### Recorded data
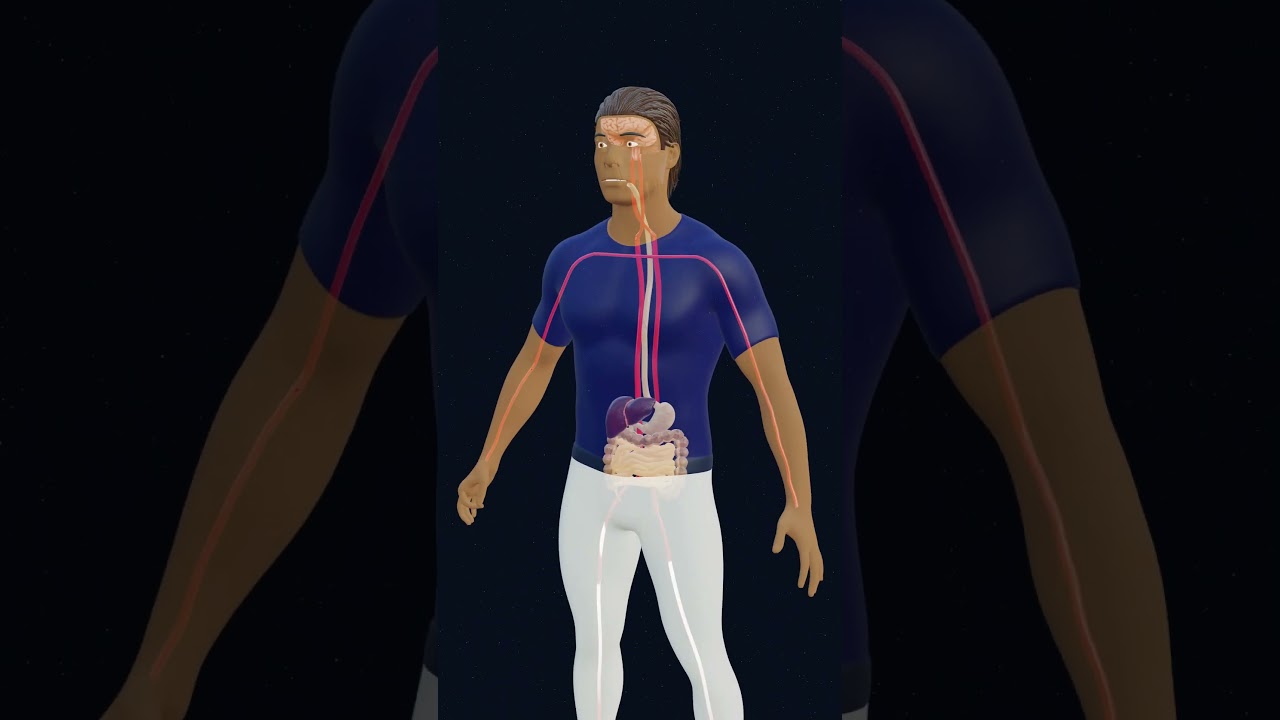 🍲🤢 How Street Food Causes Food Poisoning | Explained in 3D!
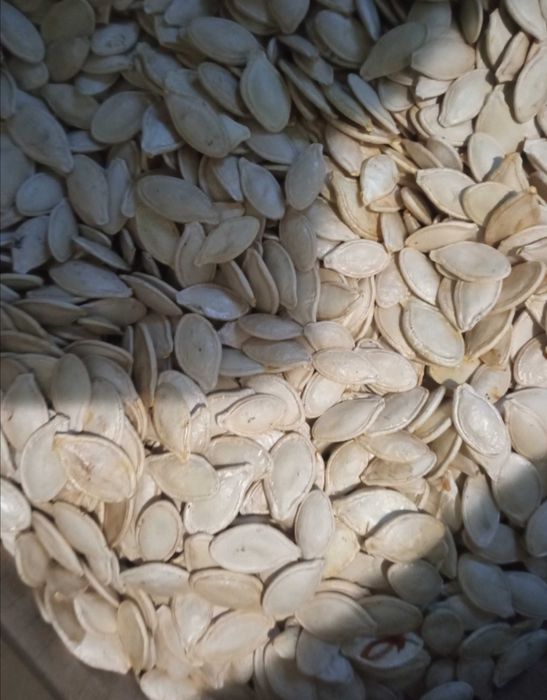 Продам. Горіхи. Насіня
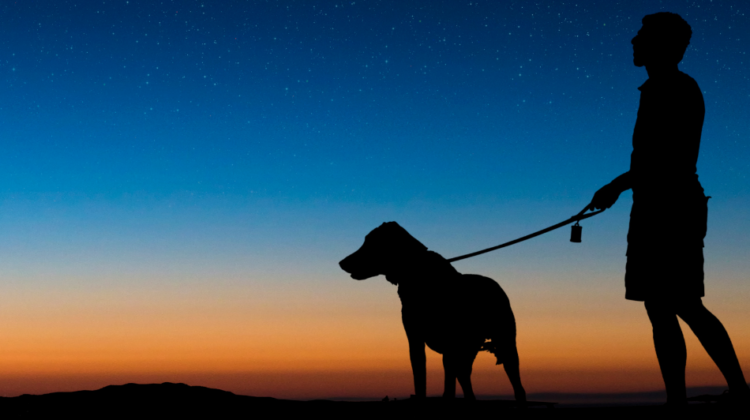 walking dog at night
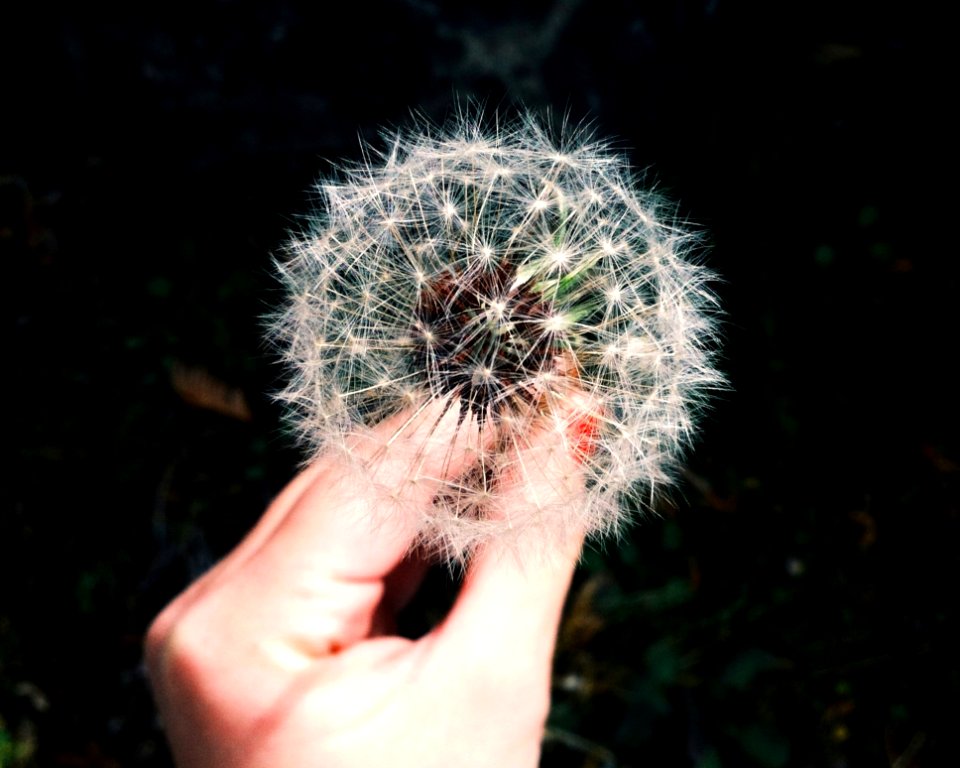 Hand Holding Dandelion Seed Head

### Exercise instructions
Exclude the pictures. Write out the remaining data exactly.

### Response to this exercise
 🍲🤢 How Street Food Causes Food Poisoning | Explained in 3D!
 Продам. Горіхи. Насіня
 walking dog at night
 Hand Holding Dandelion Seed Head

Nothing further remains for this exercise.